In the 80s, GI Joe was the king of action figures. But there were plenty of competitors that also did well: He-Man, Star Wars, Ninja Turtles. These all had other media to back them up. Usually a tv show, sometimes some movies and comic books. Then there were the secondary lines of popular figures like Thundercats or MASK. These lines would last about 3 years with several waves of toys. But then there were the toys that came out with a massive gimmick and tons of promotion that just did not take off for whatever reason. Maybe the toys weren’t that good? Or the story wasn’t engaging enough? Here are five lines that seemed to have every reason to take off, and may even still be remembered, but pretty much failed to sell.
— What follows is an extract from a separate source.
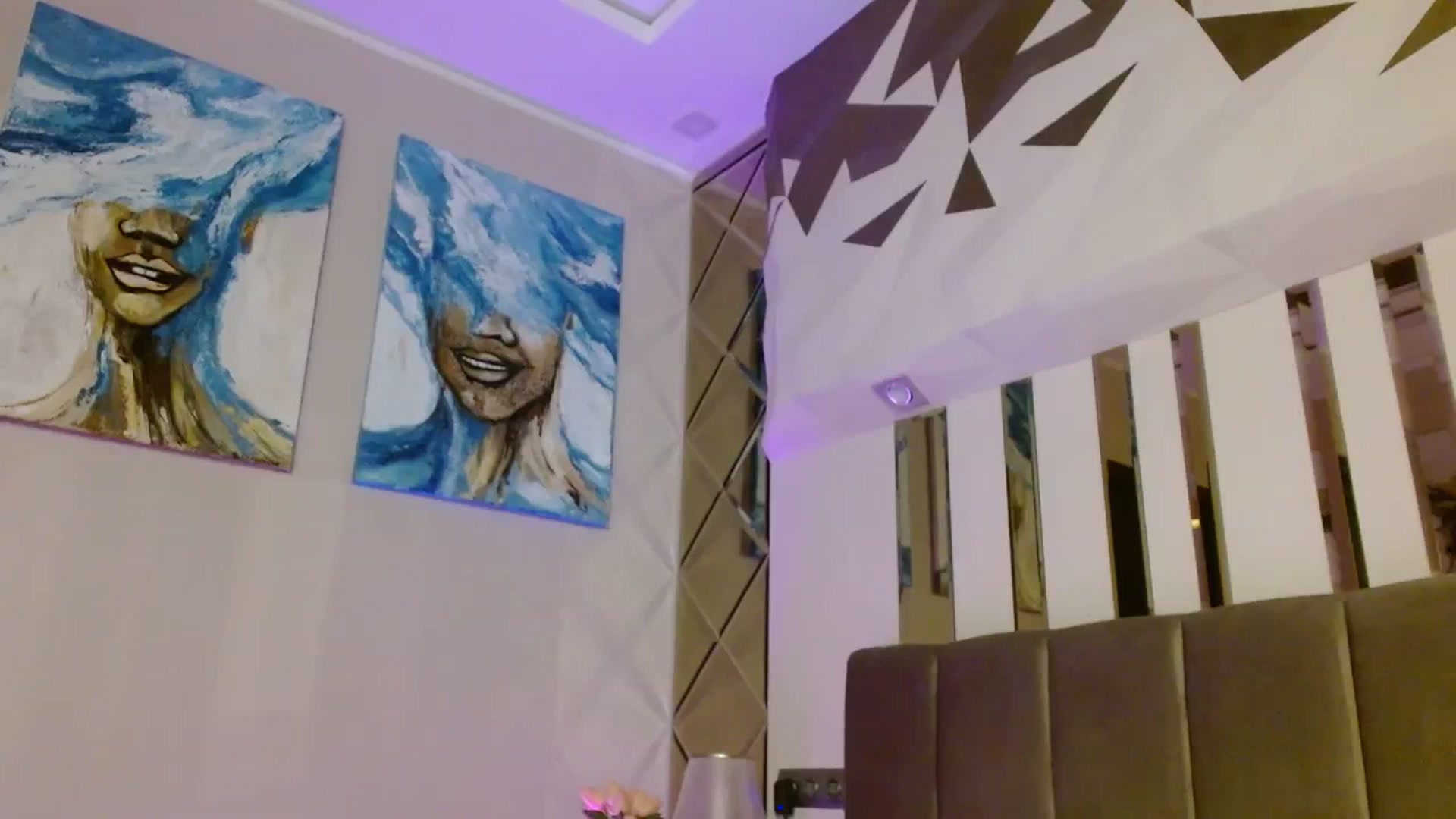 Gallery image thumbnail from UGLYGIRL_'s myfreecams stream on, 12/02/2023, 21:10 image 12 of 20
Visionaries: Knights of the Magical Light
Visionairies were a fantasy line of knights, manufactured by Hasbro. So they had the same swivel-arm poseability as the GI Joe line but slightly larger in stature. Their big gimmick was holograms. Every knight had a hologram on his chest of an animal that they could turn into (in the story, the figure just had a cool hologram). They also all carried a house banner of sorts with a hologram of a type of genie or god. They could cast a spell once a day to use their power: speed, intelligence, things like that. The storyline was set in the near future of our world when magic came back and technology stopped working. It was a cool steampunk kind of idea. The toyline only lasted one year in 1987. The tv show had 13 episodes but when the toys failed to sell, they didn’t bother with a second season. There was a comic that was cancelled after 6 issues, right in the middle of a 4-part story. A second wave of toys had been developed but were scrapped.
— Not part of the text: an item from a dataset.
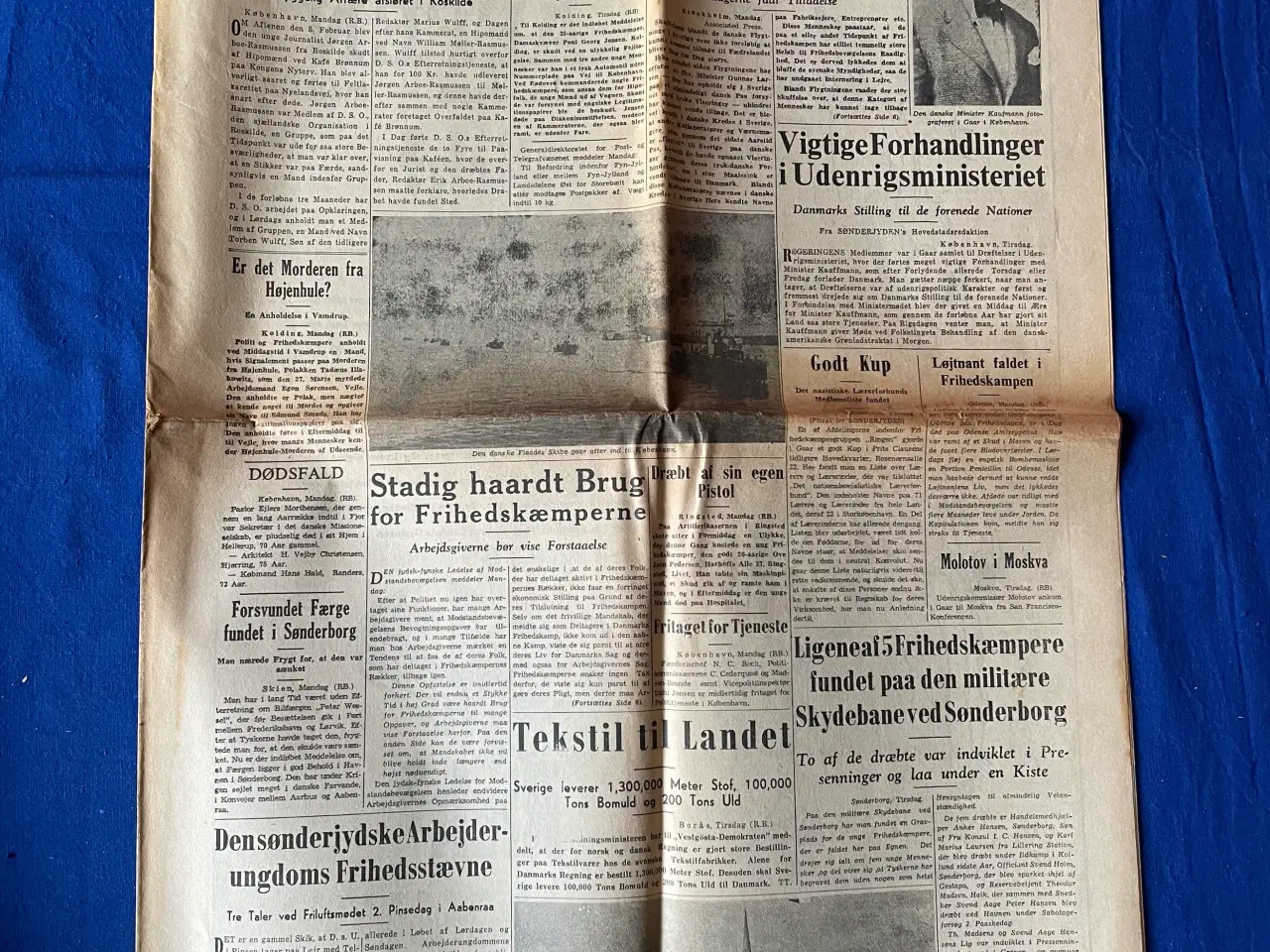 Billede 1 - Avis - Sønderjyden - 15. Maj 1945 - Udleveret Kammaret til Morder for 100 Kr. ?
Hasbro really doubled down on their gimmicks in 1987 because they also came up with Air Raiders: figures and vehicles that took place in a fantasy world where good guys and bad guys battled for air. I don’t know how they did that but basically they all had jets (that looked more like tanks). They almost definitely failed because they had no tv show to back them up (though they did have animated tv commercials. There was a very short-lived comic book. The toys had air-powered firing missiles. I guess no one cared about fighting over wind.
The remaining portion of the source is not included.